Log problem: log_{sec(theta)}log_3(n root of 3) = 2

[bobrossu]

Problem:
Find all values of n for which log_sec(theta)log₃(n root of 3) = 2 ,assume sec(theta)>0

I'm assuming the logs are multiplying. The first log only has a base though, so I am not sure. Is it possible it is log of a log ?

 

[Harry_the_cat]

Problem:
Find all values of n for which log_sec(theta)log₃(n root of 3) = 2 ,assume sec(theta)>0

I'm assuming the logs are multiplying. The first log only has a base though, so I am not sure. Is it possible it is log of a log ?

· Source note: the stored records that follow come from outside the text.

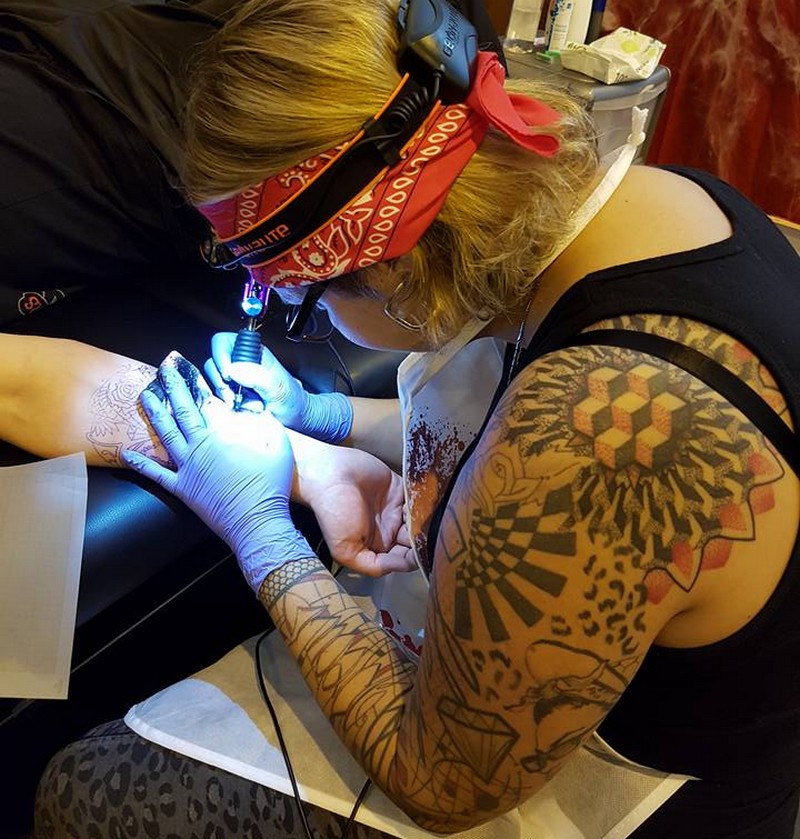 Les tatoueurs vont pimenter le parc des expositions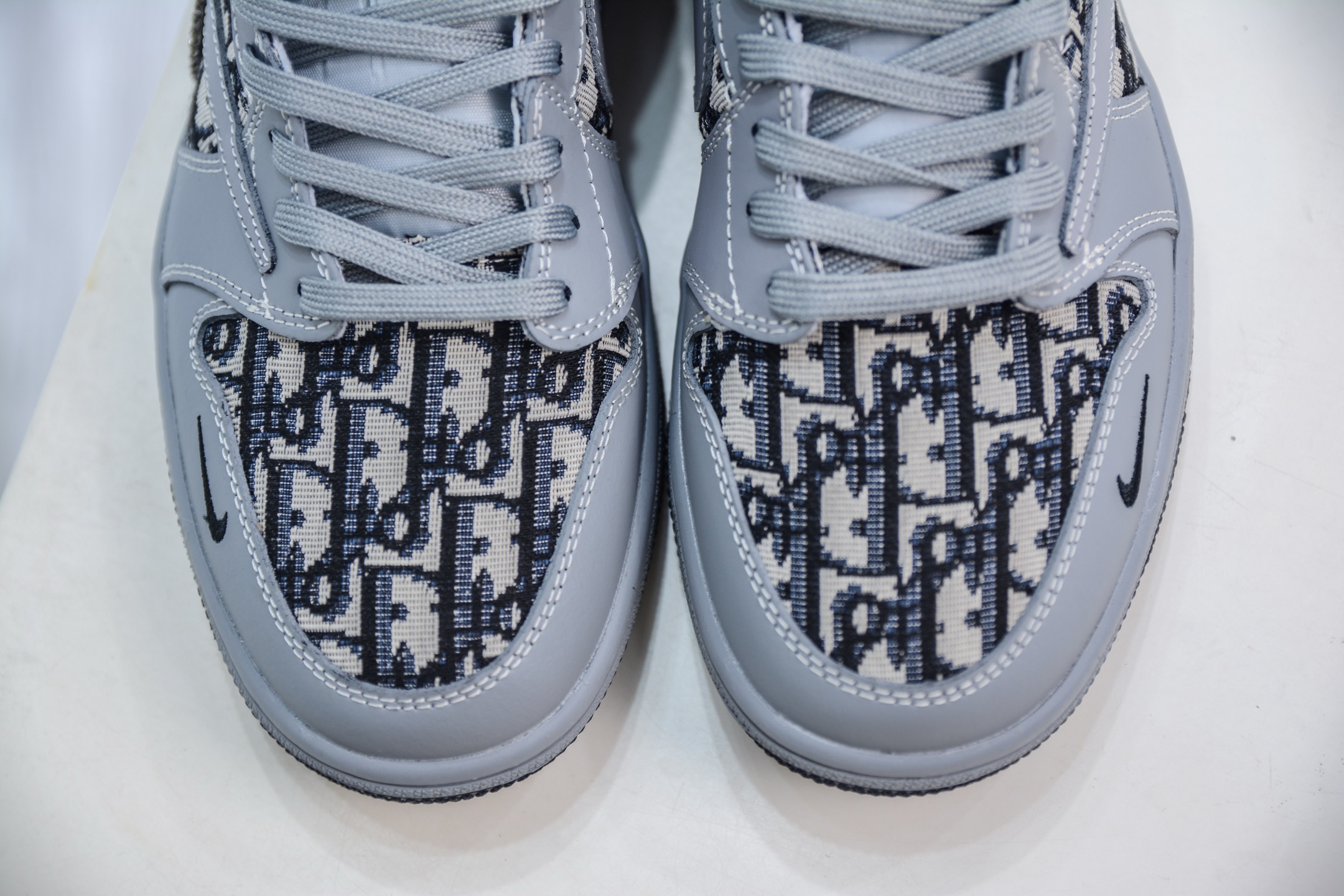 TS x Air Jordan 1 Low x DIOR Gray Black Low-Top Sneakers Custom Color 10 i1749924642530 5943 0 8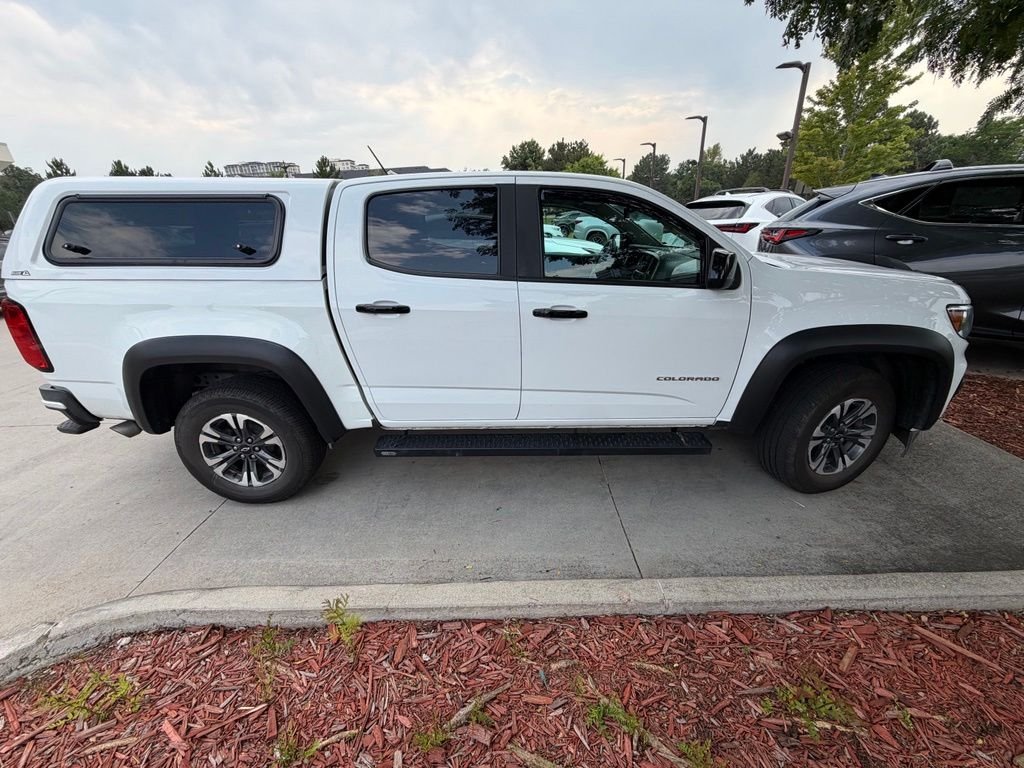 Used 2022 White Chevrolet Z71 image 2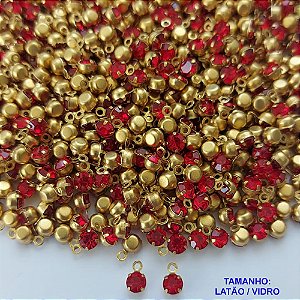 ACESSORIO NO BRUTO PRONTO PARA O BANHO - PINGENTE COM UMA ARGOLINHA (SS18) TAMANHO 4MM COR VERMELHO - (VENDA POR UNIDADE) COMPOSIÇÃO 70% LATÃO E 30% VIDRO BRU0001432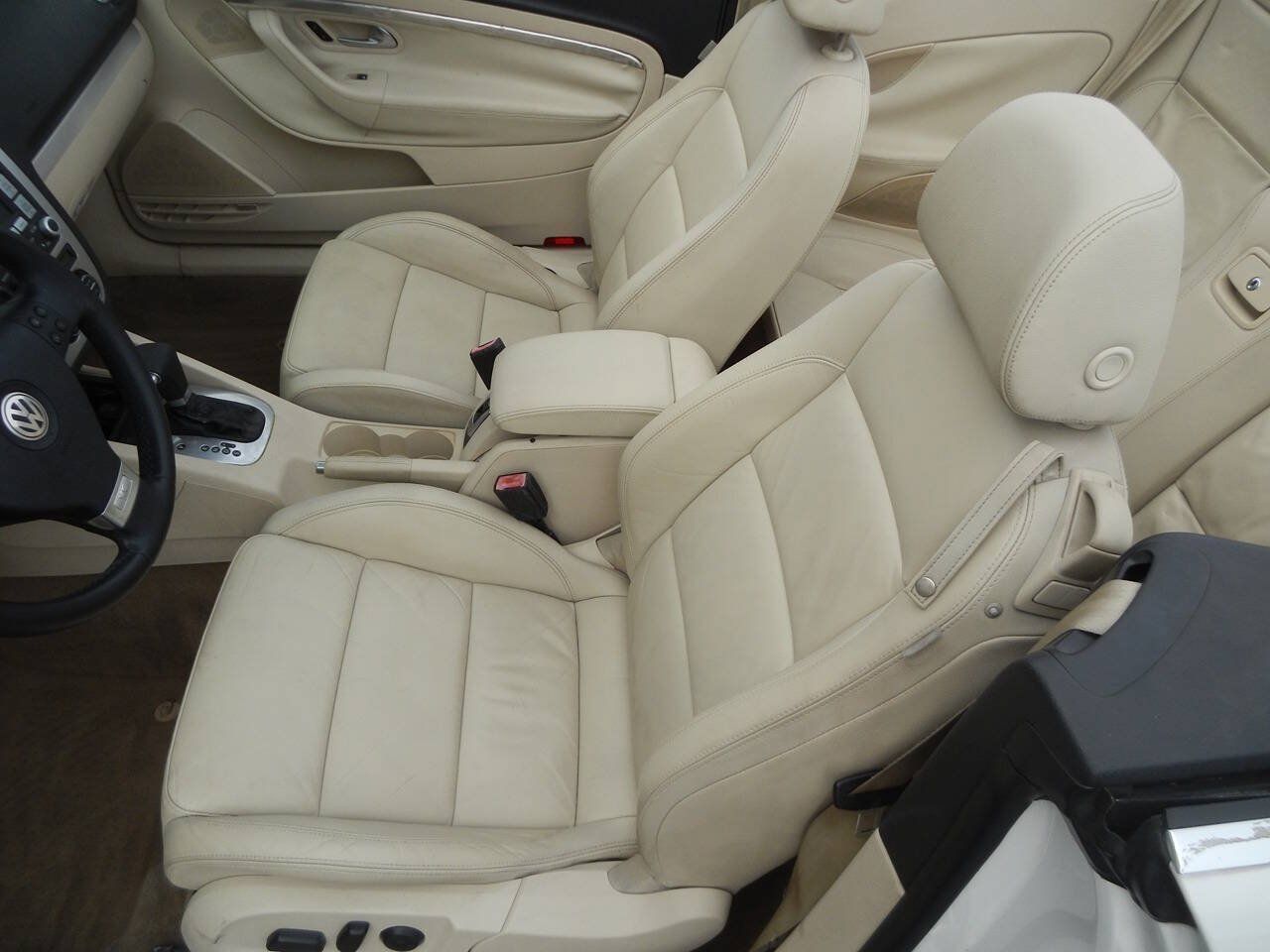 Used 2007 Volkswagen Eos 3.2 FWD image 3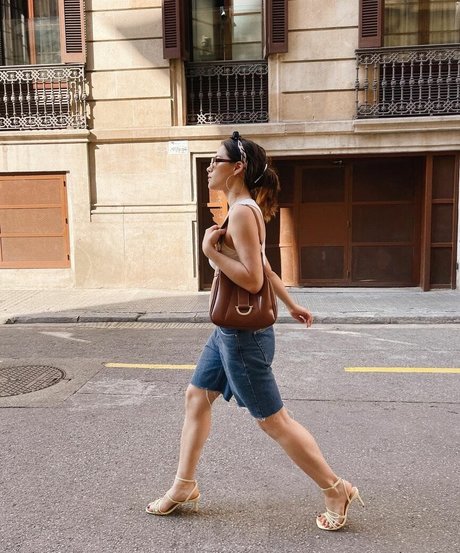 Anne Whisper model perfect galleries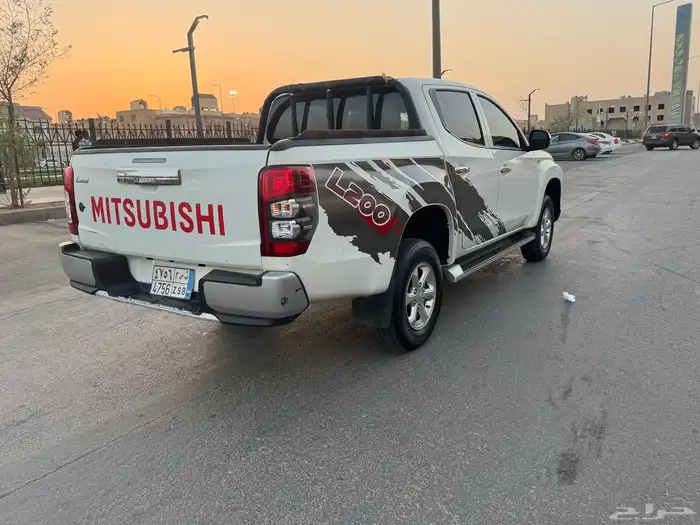 ميتسوبيشي L200 2022 فل كامل ابيض 5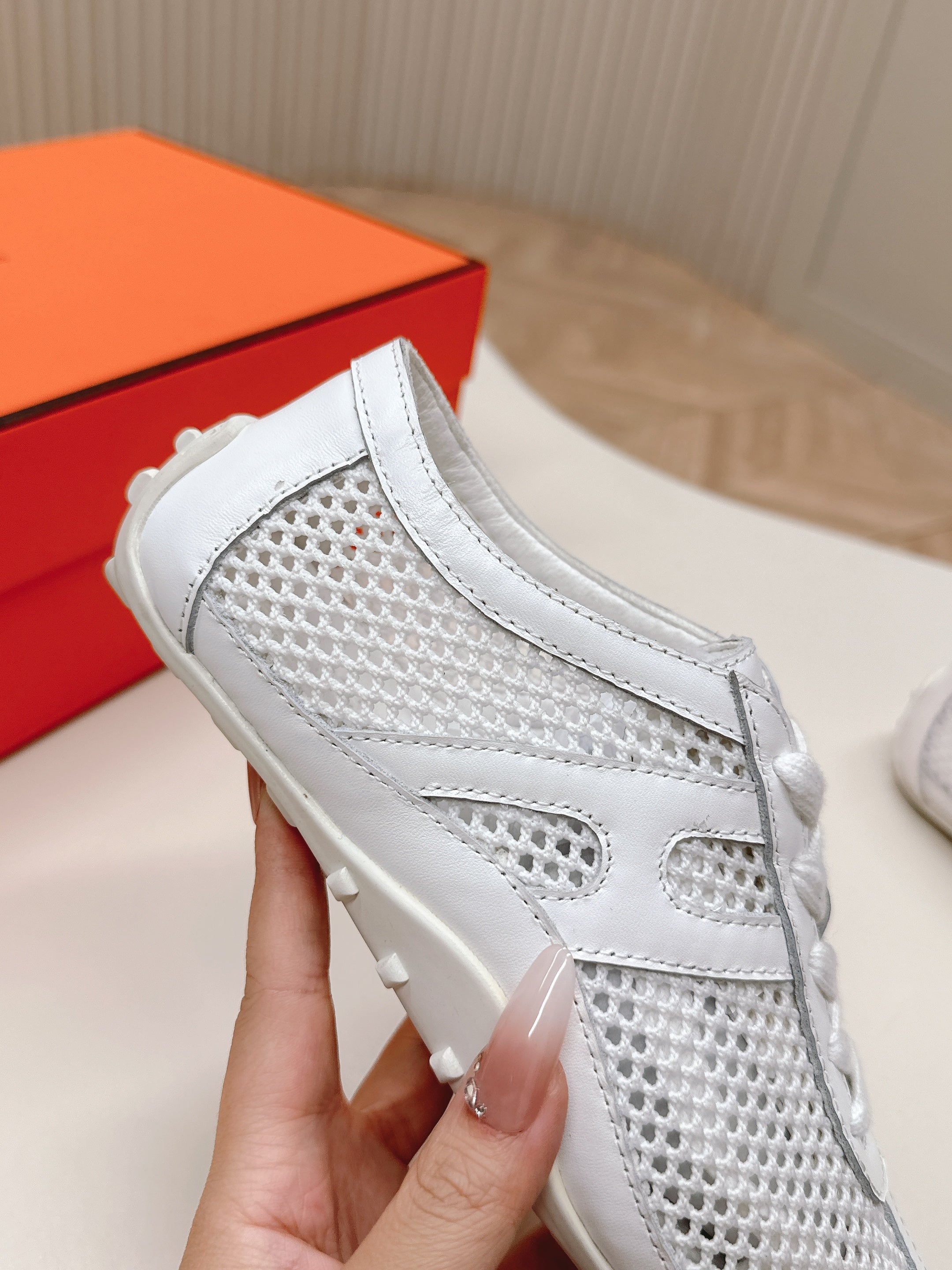 HERMES KIGA SNEAKER IN WHITE CROCHET KNIT AND CALFSKIN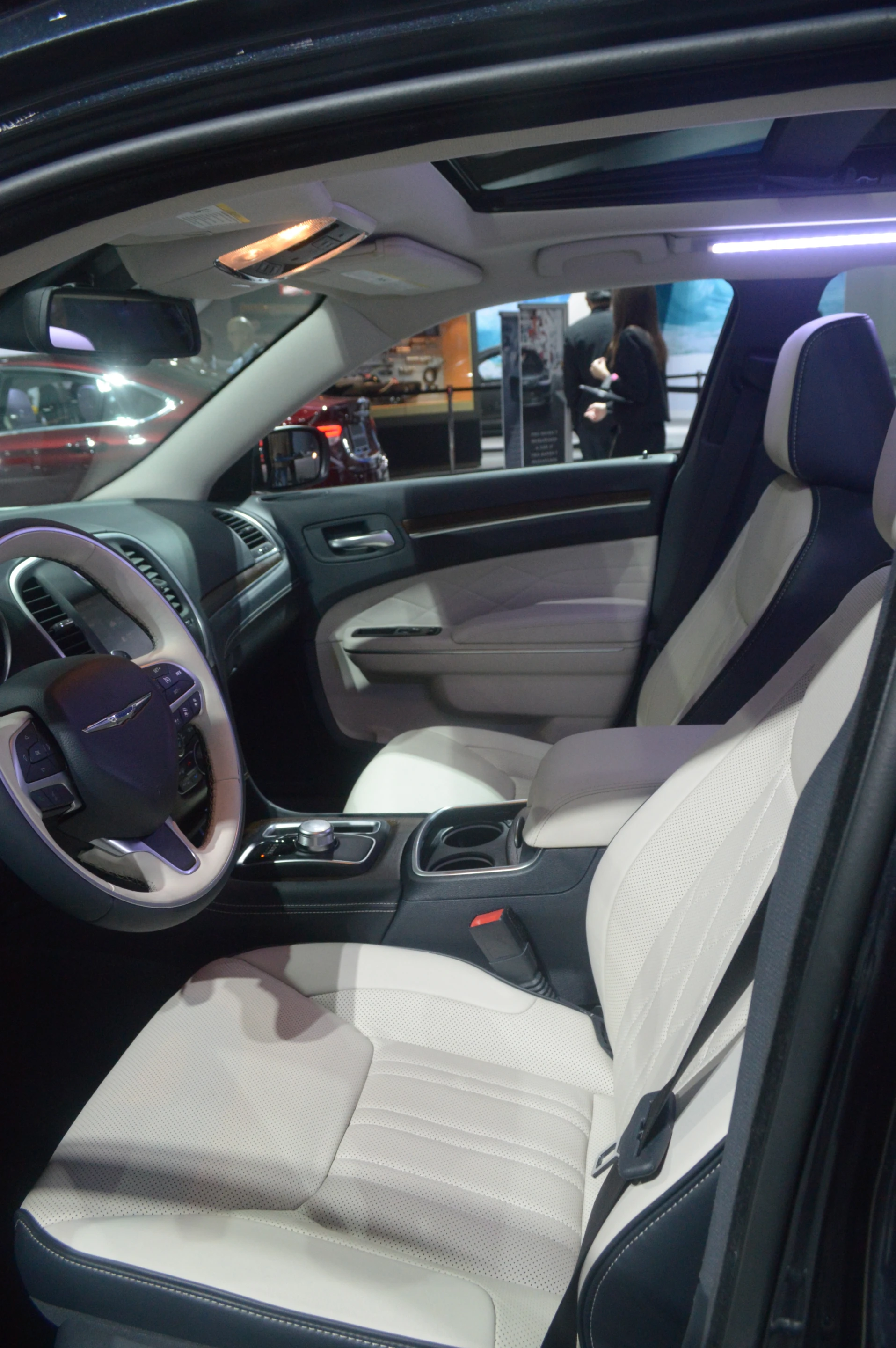 Inside the new Chrysler 300 (Photo: C.C. Weiss/Gizmag)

Yes it seems to be the log of a log. Should have a second set of brackets.

This leads to:

\(\displaystyle \log_{3}(3^{\frac{1}{n}}) = \sec^2(\theta)\)

Can you go from there?

 

[bobrossu]

Yes it seems to be the log of a log. Should have a second set of brackets.

This leads to:

\(\displaystyle \log_{3}(3^{\frac{1}{n}}) = \sec^2(\theta)\)

Can you go from there?

yea, thanks.
I think I got it...

1.) change
\(\displaystyle \log_{3}(3^{\frac{1}{n}}) = \sec^2(\theta)\) into ------> 3^{sec^2(theta)}=3^(1/n) -------> sec²(theta)=(1/n) -----> (1/cos²(theta))=(1/n) .... since sec(theta) > 0 then cos²(theta) or n must be 0 (<) n (</=) 1.